Figure 4. Head-to-head comparison of four different Champ constructs in which the proton pump and ASIC are separated by increasing primary-sequence distance.

For each construct: a cartoon illustrates the structure of the two-component construct, confocal images demonstrate fluorescence expression in culture and graphs show the relative magnitude of the peak outward current and the current at the end of the light pulse. A more negative current at the end of the light pulse indicates a larger ASIC component. Insets: representative traces of the current responses to a 1 s pulse of 560 nm light for each two-component construct (timing of light pulse indicated by green horizontal line).
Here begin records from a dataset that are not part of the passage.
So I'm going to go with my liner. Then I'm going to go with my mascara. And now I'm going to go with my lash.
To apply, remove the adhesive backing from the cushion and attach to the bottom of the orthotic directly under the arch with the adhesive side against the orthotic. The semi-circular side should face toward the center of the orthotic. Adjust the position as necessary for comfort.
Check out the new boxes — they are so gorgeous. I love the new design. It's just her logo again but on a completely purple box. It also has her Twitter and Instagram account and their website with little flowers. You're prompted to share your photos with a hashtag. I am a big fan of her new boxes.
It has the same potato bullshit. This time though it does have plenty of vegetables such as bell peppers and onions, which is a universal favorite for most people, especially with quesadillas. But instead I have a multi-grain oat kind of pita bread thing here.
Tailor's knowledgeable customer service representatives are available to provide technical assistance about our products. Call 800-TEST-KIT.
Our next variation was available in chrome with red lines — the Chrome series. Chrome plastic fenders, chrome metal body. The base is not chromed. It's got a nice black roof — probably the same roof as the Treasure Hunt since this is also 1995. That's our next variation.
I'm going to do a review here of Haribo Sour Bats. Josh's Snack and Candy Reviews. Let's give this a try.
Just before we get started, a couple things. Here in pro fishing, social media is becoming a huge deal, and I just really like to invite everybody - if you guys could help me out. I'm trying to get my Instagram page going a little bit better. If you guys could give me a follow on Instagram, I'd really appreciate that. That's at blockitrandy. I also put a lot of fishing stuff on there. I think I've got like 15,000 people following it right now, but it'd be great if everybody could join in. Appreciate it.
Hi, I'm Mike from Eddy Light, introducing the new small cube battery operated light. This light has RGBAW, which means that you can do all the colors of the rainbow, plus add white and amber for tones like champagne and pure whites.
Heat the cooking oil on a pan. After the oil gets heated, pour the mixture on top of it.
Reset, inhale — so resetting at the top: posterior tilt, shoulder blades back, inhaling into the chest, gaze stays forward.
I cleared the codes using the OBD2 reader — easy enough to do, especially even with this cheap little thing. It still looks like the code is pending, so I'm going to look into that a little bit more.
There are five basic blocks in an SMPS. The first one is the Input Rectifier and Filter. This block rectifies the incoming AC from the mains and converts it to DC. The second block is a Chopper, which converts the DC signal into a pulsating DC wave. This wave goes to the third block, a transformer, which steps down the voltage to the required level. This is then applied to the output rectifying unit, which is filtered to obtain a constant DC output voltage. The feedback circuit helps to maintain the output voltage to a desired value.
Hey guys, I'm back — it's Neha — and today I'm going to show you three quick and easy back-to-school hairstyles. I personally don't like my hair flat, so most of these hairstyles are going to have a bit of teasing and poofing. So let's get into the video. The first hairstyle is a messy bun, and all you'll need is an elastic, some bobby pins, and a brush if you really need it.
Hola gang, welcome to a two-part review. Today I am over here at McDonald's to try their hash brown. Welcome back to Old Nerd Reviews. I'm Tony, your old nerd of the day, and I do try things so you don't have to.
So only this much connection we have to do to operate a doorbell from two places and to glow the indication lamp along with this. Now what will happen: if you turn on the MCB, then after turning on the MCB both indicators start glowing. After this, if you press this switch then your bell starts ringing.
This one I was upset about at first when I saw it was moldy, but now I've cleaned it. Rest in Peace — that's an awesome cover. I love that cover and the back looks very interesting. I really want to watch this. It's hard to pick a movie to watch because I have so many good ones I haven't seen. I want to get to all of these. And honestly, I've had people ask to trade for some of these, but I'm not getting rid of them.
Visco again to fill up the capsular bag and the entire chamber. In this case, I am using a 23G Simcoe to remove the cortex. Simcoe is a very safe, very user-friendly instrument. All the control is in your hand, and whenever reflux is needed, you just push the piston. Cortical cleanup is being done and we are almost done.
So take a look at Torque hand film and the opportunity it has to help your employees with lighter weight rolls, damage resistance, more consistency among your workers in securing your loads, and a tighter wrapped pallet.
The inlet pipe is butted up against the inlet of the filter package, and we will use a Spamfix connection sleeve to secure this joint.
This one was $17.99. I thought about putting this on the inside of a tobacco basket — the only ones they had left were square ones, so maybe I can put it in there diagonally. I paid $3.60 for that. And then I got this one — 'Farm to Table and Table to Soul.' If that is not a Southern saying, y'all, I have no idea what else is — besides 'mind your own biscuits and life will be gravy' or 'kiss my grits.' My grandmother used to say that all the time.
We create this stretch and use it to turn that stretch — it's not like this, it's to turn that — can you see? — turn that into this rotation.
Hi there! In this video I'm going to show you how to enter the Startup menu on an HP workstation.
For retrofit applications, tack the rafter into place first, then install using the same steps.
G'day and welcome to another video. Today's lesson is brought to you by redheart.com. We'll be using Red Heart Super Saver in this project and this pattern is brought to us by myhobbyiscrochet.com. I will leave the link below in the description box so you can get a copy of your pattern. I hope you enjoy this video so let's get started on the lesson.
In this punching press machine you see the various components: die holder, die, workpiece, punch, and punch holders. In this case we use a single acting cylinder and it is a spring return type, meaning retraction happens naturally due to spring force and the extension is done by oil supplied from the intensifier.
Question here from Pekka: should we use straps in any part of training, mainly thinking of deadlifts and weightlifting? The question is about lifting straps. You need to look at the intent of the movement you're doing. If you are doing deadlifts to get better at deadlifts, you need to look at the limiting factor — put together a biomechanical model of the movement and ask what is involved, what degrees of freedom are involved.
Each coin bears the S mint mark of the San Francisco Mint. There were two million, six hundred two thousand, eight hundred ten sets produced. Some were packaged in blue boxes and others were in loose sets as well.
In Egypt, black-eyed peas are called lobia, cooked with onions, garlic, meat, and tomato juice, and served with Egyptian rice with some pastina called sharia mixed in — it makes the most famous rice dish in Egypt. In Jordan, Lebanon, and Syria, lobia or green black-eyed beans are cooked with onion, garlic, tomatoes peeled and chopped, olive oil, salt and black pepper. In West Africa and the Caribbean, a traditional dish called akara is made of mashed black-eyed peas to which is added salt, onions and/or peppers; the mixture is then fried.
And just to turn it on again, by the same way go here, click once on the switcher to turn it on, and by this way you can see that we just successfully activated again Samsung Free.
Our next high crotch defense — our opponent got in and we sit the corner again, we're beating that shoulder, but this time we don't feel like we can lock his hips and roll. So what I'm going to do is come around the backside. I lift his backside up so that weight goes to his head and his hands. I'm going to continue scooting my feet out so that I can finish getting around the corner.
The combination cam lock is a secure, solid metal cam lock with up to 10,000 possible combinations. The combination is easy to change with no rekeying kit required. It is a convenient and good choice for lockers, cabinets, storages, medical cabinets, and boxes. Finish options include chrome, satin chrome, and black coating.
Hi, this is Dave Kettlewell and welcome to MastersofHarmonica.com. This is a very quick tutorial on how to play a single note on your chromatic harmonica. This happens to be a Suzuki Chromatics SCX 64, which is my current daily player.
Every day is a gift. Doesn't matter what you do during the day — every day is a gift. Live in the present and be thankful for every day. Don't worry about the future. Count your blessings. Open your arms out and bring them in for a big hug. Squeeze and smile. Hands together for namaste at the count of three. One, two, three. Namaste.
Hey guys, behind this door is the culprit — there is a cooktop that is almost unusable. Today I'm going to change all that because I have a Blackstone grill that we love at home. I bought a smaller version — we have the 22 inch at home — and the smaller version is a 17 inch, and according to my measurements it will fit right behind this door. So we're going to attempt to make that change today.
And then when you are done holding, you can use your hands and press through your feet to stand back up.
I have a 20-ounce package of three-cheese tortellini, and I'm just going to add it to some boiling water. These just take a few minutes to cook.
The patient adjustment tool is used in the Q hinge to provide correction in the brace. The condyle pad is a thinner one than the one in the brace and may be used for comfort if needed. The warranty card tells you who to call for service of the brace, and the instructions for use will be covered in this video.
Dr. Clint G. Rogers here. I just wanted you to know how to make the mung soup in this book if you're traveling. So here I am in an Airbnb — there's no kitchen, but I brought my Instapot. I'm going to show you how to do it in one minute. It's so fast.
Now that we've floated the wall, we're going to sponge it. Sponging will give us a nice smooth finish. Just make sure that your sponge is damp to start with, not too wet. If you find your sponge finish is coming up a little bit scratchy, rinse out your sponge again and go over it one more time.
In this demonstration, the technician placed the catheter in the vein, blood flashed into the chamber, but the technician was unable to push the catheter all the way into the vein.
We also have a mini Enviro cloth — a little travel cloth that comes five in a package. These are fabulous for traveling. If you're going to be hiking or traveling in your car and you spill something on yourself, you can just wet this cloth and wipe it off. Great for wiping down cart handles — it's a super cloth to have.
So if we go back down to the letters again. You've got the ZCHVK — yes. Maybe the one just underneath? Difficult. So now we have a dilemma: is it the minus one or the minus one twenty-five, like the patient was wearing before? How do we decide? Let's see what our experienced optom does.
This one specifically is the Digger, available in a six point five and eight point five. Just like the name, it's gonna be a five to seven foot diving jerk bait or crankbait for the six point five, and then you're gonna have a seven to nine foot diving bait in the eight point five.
All electrophysiological recordings were performed in low HEPES (0.1 mM) Tyrode’s solution. (a) eArch3.0-YFP only control (n = 9). (b) Co-transfection of eArch3.0 and ASIC2a: eArch3.0 is labeled with mCherry and ASIC2a is labeled with YFP to allow identification of both components in a single cell (n = 9). (c) Champ1.0: eArch3.0 and ASIC2a are separated during protein translation by the ribosomal skip sequence, p2A (n = 14). (d) Champ2.0: eArch3.0 and ASIC2a are fused by a 41 amino acid linker sequence (n = 17). (e) Champ3.0: eArch3.0 and ASIC2a are fused by a short linker sequence (23 amino acid membrane trafficking signal, TS) (n = 16).